What are you supposed to do if your "negative" thoughts are accurate?

Well, I am sorry. It sounds like you've had a difficult and painful life and your current situation is not offering you what you need. I can only speak from my experience that there are few situations in this world that categorically leave one with no recourse at all. Also, in my experience, when I have gone into the emotion without any agenda than to simply be with it and explore it, it becomes less unenjoyable, and more edifying. It lights the path to constructive actions, however small. the process I go through is to 1) identify the emotion ("I'm feeling sad/angry/afraid..."), and 2) identify the internal reality that causes me to feel this way ("I'm afraid I will be rejected by my birth mother when I reach out to her" etc.).

When the emotion is met and sat with, it dissipates. Half the time, you don't necessarily even need to do anything else than to sit with it in a compassionate way. That is all that needed to be done. At other times, the emotion is calling to be expressed through words or actions. Aristotle in his Nichomachean Ethics said something to the extent of: "Any idiot can get angry. But getting angry at the right person, for the right reason, in the right amount, to achieve the right result, that takes wisdom." You will never escape unpleasant feelings like sadness, anger, or fear, because these are part of the natural guidance system of a human being. Even if you arrive as a great place among great people, mortality, aging, and loss are always hovering above us. But learning to use those emotions as a source of knowledge and guidance is what humane life has always entailed in the end.

I see frustration with the replies you're getting here. But you're smart enough to know your grievances aren't with the faceless strangers just trying to help you on Reddit, but with people and situations much closer to home. Anger is asking for resolution (with the right person, for the right reason, to the right degree, to the right ends). If you can't foresee any way the cause of your anger can be resolved, why is that? Do you lack assertiveness?
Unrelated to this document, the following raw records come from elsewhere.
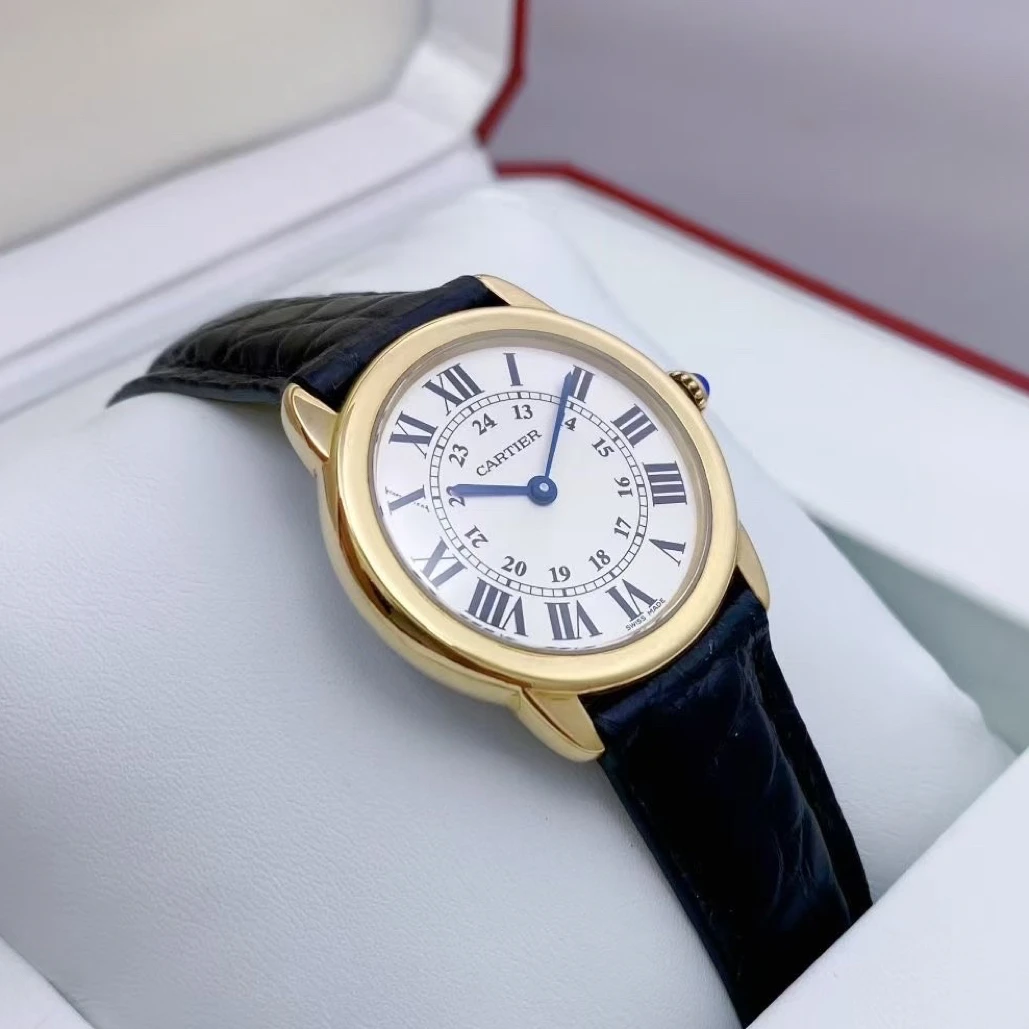 99新 Cartier/卡地亚 伦敦系列29表径K金石英女士腕表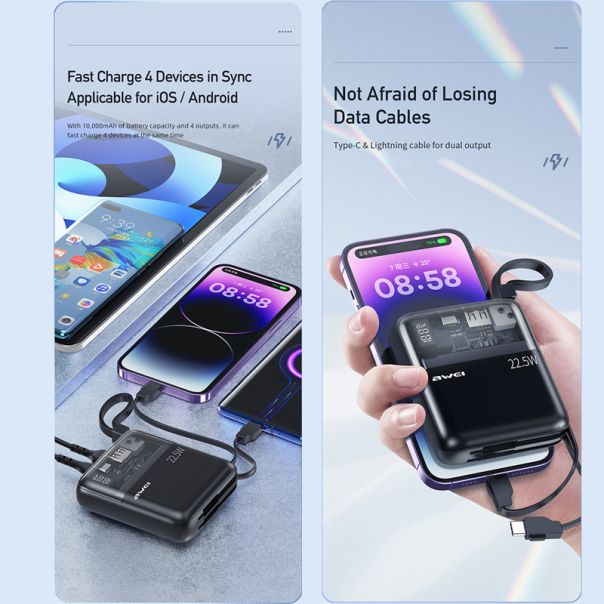 AWEI Power bank P149K 10000mAh, crna - BAT9419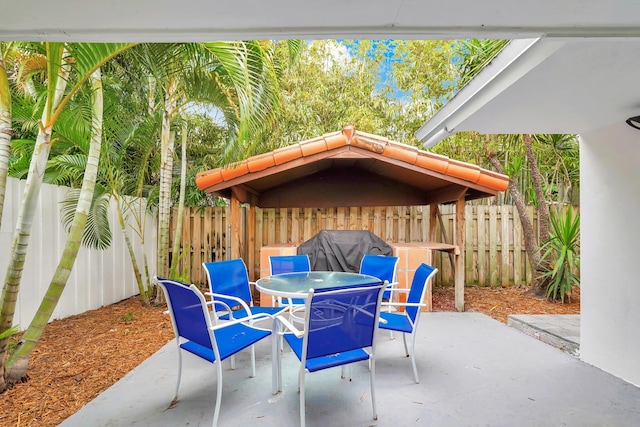 view of patio with area for grilling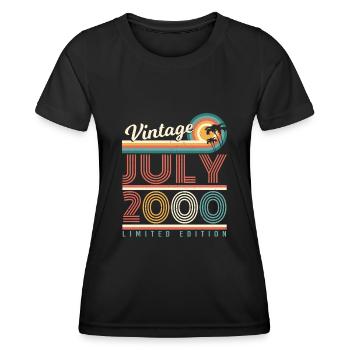 Meilleur mois de naissance Juillet 2000 - T-shirt sport Femme - noir - Devant - AI Model Female 172 light (172cm)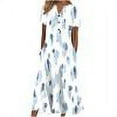 thumbnail image 1 of Robes d'Été Robe d'Été Décontractée pour Femmes Col en V Boutons Manches Courtes avec Poche Robes Imprimées Blanches TG, 1 of 5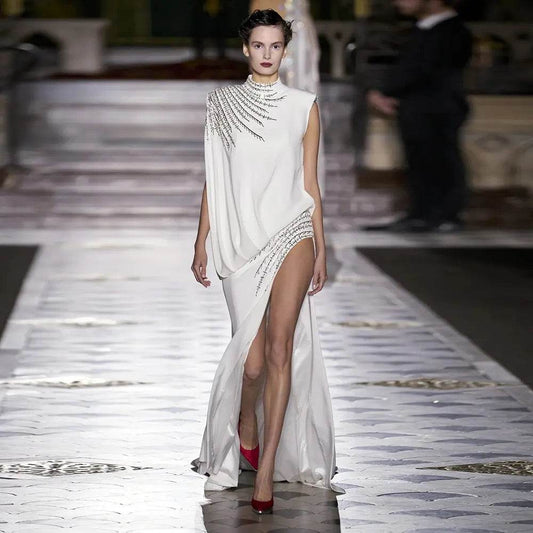 White High end Open Back Diamond Sexy Slim Fit dress - REBECATHELABEL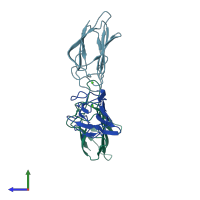 PDB entry 3pog coloured by chain, side view.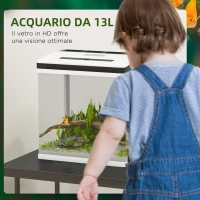 PawHut Acquario da 13L a Illuminazione LED con Fori di Ventilazione, in Vetro HD e ABS, 29x20x30.5 cm(m-7)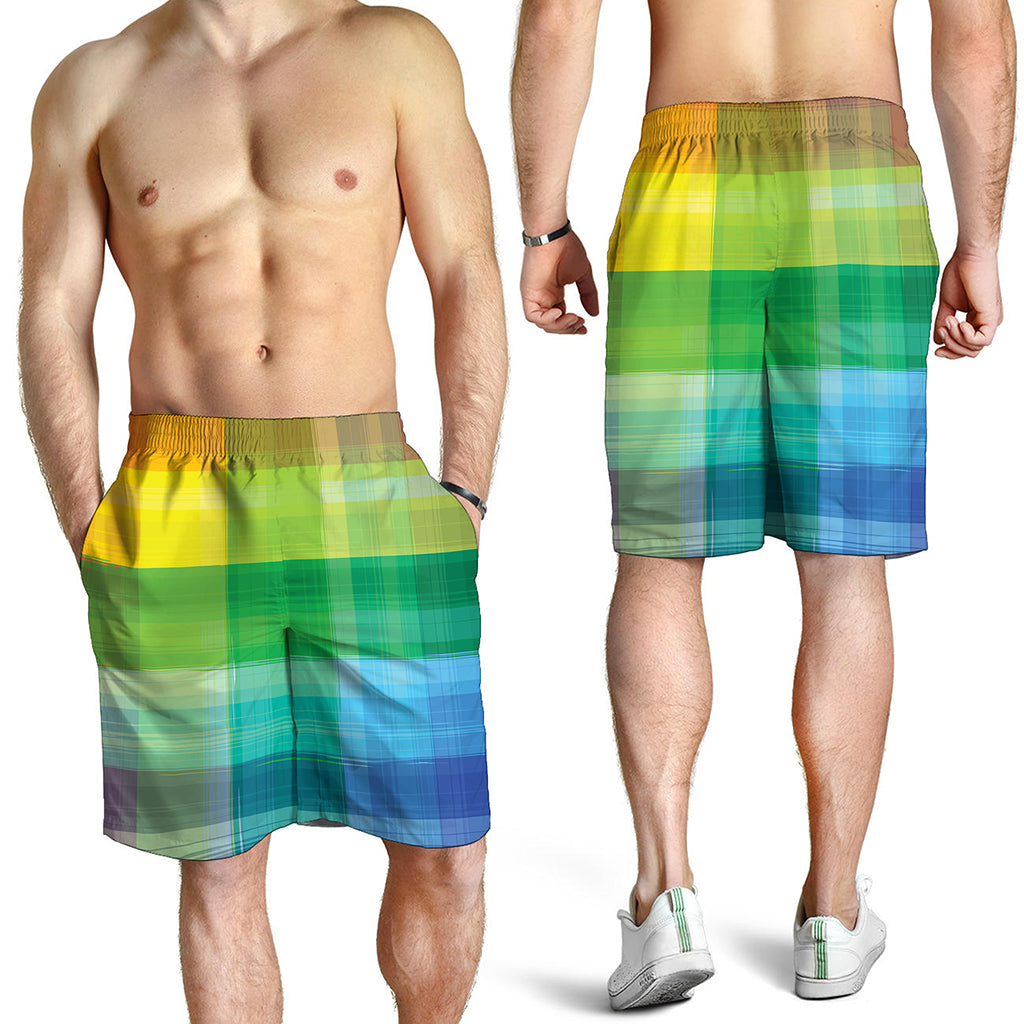 LGBT Pride Rainbow Plaid Pattern Print Men's Shorts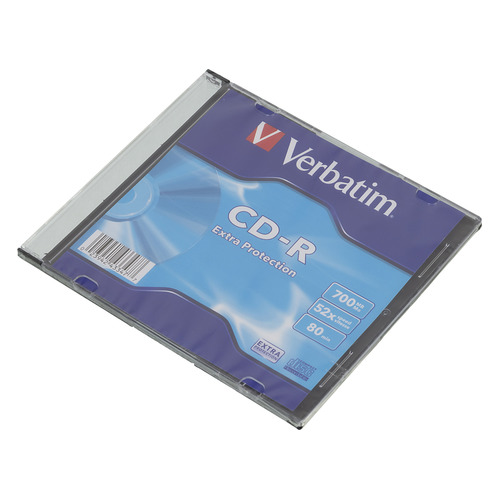

Оптический диск CD-R VERBATIM 700МБ 52x, 1шт., slim case [43347], Нет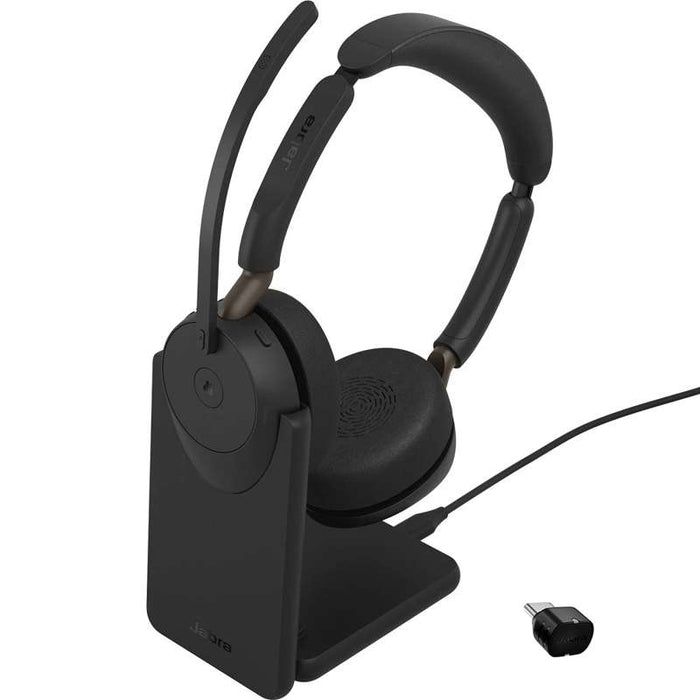 Jabra Evolve3 65 Stereo UC Headset - USB-C with LINK 390c Bluetooth Adapter and Charging Stand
Are the people involved just not amenable to seeing your side of the issue or not available? If no resolution can be sought (such sometimes happens; life is not ideal), is it possible to simply live in acknowledgement of the facts of the matter and move on to some other issues at hand?

If you need help with this, I recommend a social worker, as opposed to a therapist. Social workers have seen people in the most difficult of situations (drug addiction, homelessness, agoraphobia, etc.) and are trained to work them through it. Anyway, I hope you arrive at a better place in life. I don't know you. You may be an outright awful asshole, for all I know. But I hope you won't end your life because I have been suicidal at points in my life, and have now reached a point where I would never even consider it. I wish that for you and everyone who sees no hope of happiness.